= Bernardo Garza Sada =

Bernardo Garza Sada (1930 – 7 November 2009) was a Mexican businessman who founded the Grupo ALFA conglomerate in 1974. He also served as ALFA's former president. Additionally, Garza Sada was a member of the company's board of directors for two decades.

Garza Sada, a graduate of the Massachusetts Institute of Technology (MIT), is credited with turning Grupo Alfa into a diversified conglomerate with revenues of $10.6 billion USD in 2008. ALFA currently consists of four major operations and consortia as of 2009 - Alpek, which produces petrochemicals and synthetic fiber; Sigma, which manufactures food; Nemak, which builds automotive parts; and Alestra, which consists of ALFA's telecommunications arm.

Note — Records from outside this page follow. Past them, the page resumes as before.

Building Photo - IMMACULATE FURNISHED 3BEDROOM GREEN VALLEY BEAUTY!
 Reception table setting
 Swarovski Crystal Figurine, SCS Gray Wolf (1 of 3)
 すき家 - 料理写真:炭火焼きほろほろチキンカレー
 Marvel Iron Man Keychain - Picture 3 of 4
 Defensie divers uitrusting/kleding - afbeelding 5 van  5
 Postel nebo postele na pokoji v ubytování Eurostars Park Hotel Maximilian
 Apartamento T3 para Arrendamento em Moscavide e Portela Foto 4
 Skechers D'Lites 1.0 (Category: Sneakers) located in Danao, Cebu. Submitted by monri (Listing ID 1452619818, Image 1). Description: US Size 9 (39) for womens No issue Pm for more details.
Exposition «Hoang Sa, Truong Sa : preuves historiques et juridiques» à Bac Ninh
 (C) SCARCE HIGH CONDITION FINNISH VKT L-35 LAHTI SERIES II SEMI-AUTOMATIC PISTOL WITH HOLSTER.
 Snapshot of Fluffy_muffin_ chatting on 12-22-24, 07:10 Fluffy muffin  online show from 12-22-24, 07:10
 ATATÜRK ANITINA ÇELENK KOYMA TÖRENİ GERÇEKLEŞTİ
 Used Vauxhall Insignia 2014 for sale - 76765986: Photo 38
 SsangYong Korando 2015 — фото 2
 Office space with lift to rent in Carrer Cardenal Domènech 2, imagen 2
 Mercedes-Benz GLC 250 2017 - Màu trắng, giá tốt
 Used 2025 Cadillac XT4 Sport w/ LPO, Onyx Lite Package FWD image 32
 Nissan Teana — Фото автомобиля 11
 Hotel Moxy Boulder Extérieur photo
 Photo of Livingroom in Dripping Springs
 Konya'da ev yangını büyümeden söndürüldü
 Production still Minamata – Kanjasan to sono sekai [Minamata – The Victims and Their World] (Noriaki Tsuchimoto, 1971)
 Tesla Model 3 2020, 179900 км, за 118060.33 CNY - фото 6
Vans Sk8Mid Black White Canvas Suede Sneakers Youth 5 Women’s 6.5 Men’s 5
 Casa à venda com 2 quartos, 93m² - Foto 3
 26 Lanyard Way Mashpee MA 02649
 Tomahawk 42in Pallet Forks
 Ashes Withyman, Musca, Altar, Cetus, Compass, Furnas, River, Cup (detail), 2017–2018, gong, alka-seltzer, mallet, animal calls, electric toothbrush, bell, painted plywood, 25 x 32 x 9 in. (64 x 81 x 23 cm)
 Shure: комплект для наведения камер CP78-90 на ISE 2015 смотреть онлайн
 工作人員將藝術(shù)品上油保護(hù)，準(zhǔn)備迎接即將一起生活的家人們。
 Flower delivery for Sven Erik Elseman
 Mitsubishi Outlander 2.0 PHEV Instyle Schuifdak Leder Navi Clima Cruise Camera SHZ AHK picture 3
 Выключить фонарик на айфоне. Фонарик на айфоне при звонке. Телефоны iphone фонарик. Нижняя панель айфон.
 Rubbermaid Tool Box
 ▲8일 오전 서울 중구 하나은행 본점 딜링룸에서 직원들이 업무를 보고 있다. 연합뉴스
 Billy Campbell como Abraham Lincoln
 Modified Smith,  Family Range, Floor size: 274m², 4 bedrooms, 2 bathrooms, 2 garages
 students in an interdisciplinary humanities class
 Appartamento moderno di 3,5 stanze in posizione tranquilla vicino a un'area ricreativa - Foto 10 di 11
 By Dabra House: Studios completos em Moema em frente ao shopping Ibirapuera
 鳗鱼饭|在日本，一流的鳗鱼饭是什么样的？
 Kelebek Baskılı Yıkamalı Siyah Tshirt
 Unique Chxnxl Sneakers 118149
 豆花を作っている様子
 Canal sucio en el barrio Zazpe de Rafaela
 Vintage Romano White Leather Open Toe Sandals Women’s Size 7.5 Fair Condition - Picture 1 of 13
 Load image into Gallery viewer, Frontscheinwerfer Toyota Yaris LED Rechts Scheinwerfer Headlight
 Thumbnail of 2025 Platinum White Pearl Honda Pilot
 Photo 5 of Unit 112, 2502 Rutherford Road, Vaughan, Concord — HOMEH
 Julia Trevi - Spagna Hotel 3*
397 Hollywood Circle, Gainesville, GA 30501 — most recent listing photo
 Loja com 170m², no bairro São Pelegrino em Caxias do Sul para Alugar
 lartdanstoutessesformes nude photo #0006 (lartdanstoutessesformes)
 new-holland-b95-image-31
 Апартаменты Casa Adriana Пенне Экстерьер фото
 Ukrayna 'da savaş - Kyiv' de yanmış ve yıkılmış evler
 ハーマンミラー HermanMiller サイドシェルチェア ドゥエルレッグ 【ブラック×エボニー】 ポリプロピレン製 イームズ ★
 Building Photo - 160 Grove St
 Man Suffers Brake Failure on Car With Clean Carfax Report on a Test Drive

Alfa also produces televisions, machinery, and has assets in Mexico's tourism sector.

Garza Sada also championed the modernization of Monterrey Institute of Technology, one of Mexico's most important private universities.

Bernardo Garza Sada died at his home in Monterrey, Nuevo León, Mexico, on November 7, 2009, at the age of 79. He was survived by his wife and three children. In a statement released posthumously, ALFA called Garza Sada, "Leader and visionary businessman, promoter of education and social responsibility, driving force for the growth of the company and the country."